• _What is required_
After finding the line containing "OH license plate GGU8654" below, please output that line and each following one through the line containing "Eggplant Rolls with Cream Cheese", exactly as written.

• _Data for analysis_
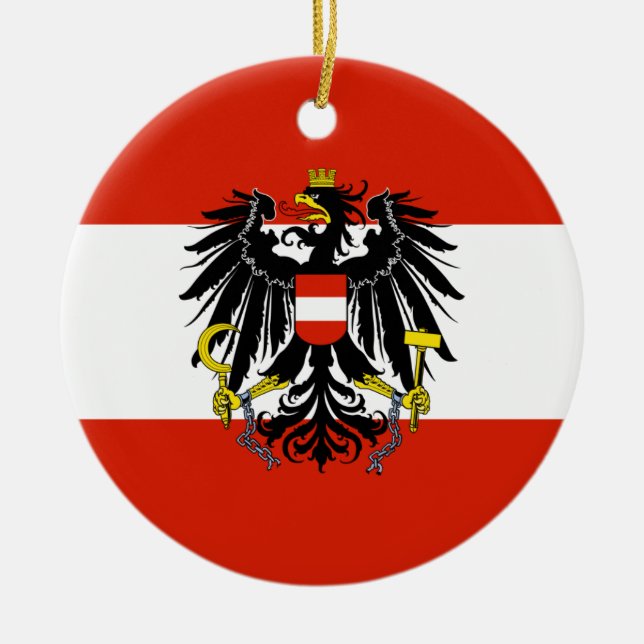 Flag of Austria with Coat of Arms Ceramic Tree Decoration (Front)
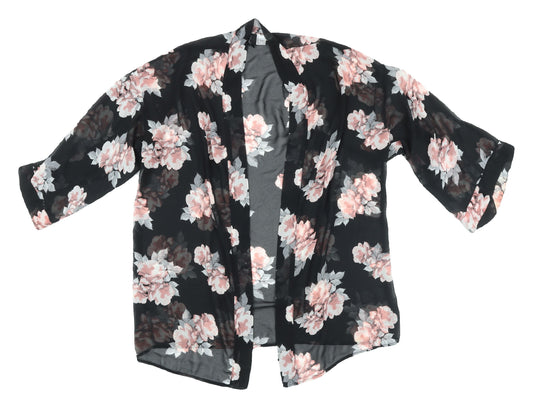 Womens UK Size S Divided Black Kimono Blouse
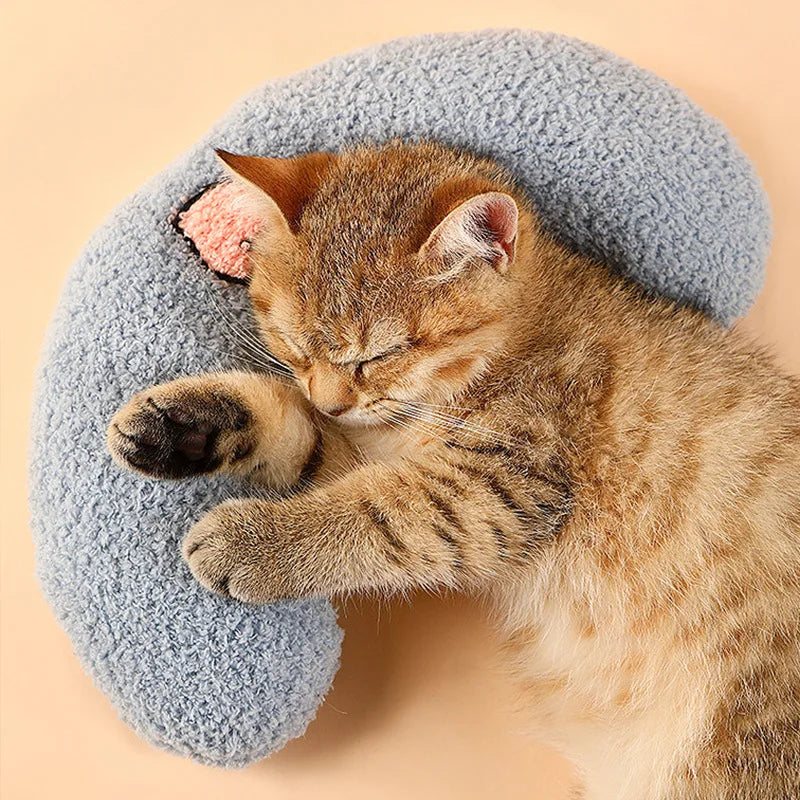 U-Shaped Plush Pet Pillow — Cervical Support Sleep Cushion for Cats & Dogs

...

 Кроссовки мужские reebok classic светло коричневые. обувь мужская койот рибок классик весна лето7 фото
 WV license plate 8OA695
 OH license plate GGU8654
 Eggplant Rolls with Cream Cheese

--

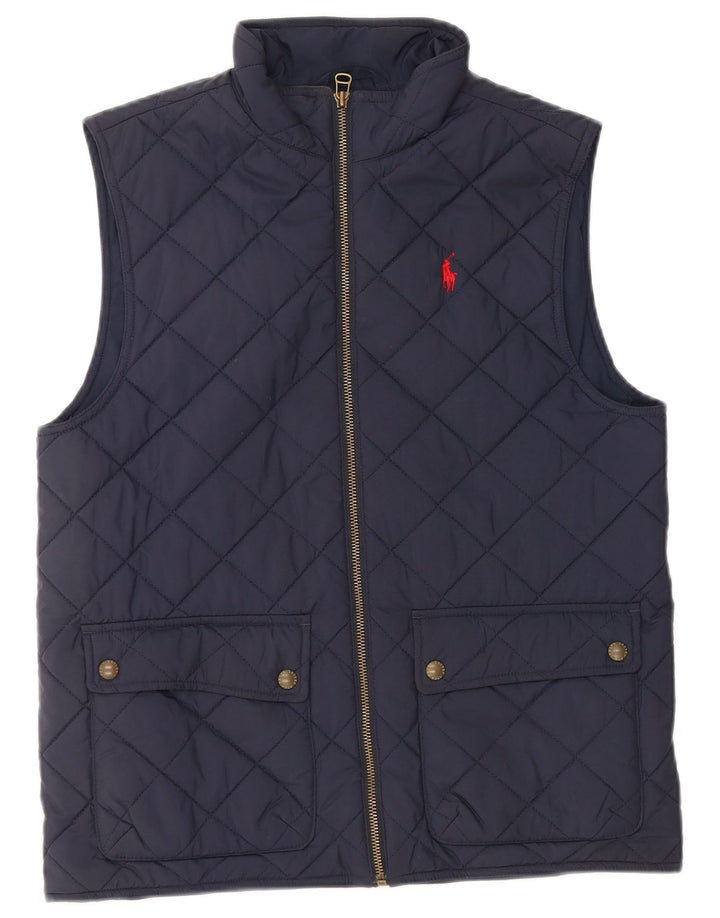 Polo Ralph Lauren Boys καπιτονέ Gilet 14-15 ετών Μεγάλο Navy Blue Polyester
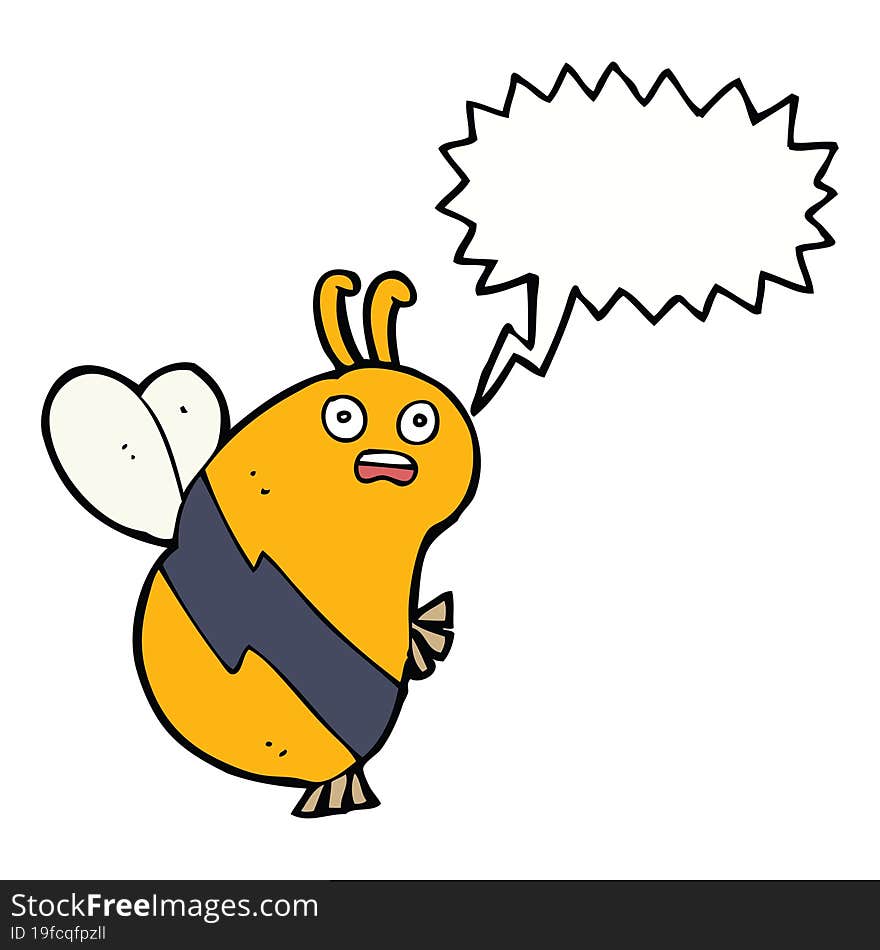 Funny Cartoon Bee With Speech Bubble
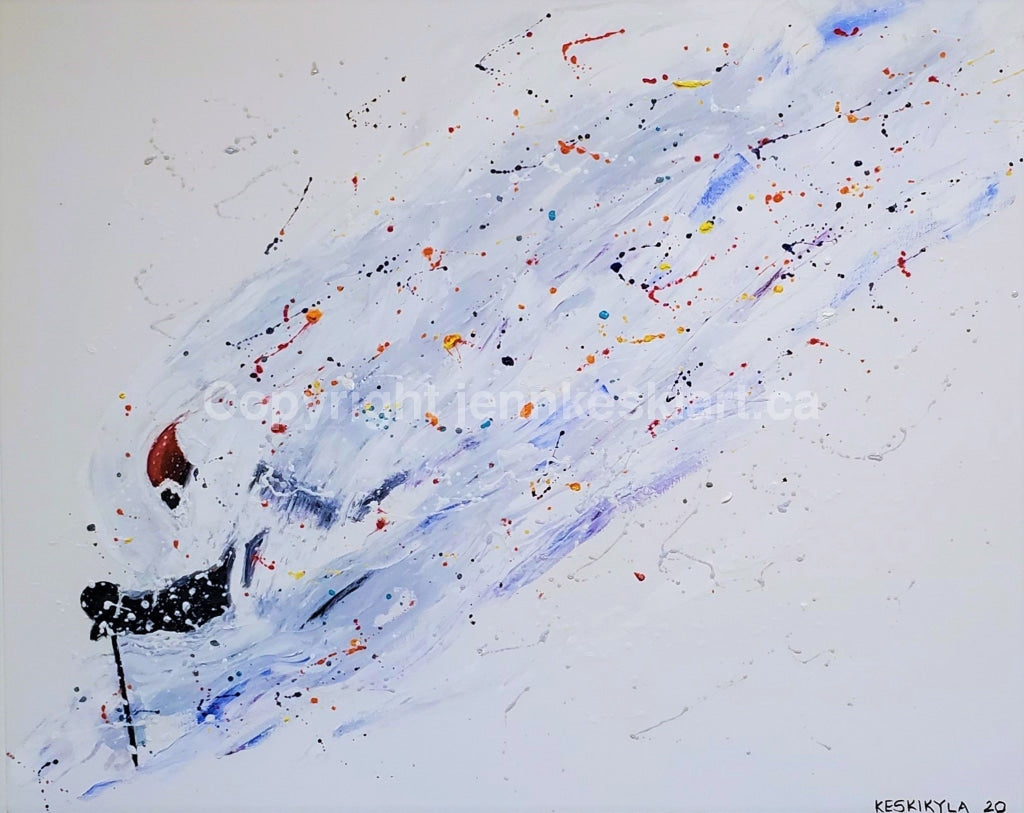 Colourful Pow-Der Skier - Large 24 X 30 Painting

• _Reply to the task_
 OH license plate GGU8654
 Eggplant Rolls with Cream Cheese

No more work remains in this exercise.